───── THE RECORDS ─────
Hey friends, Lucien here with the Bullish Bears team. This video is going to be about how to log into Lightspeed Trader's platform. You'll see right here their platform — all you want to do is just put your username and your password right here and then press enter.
─────
───── THE RECORDS ─────
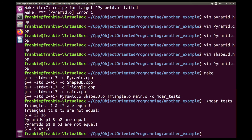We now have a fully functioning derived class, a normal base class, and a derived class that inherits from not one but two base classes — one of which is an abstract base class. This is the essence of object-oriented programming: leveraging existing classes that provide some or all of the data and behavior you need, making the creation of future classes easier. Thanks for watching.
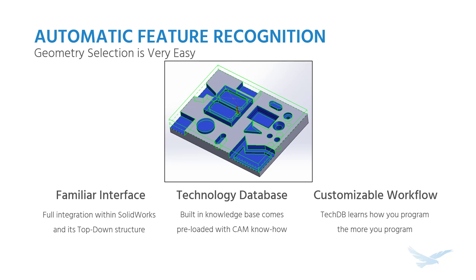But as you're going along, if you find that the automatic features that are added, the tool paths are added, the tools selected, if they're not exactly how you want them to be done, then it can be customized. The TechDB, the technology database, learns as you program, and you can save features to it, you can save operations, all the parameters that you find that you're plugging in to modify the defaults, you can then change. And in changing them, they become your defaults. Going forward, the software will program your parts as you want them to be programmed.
─────
Your reply should consist solely of the lines above from the line containing "We now have" up to and including the line containing "But as you're", reproduced exactly, minus the pictures.

We now have a fully functioning derived class, a normal base class, and a derived class that inherits from not one but two base classes — one of which is an abstract base class. This is the essence of object-oriented programming: leveraging existing classes that provide some or all of the data and behavior you need, making the creation of future classes easier. Thanks for watching.
But as you're going along, if you find that the automatic features that are added, the tool paths are added, the tools selected, if they're not exactly how you want them to be done, then it can be customized. The TechDB, the technology database, learns as you program, and you can save features to it, you can save operations, all the parameters that you find that you're plugging in to modify the defaults, you can then change. And in changing them, they become your defaults. Going forward, the software will program your parts as you want them to be programmed.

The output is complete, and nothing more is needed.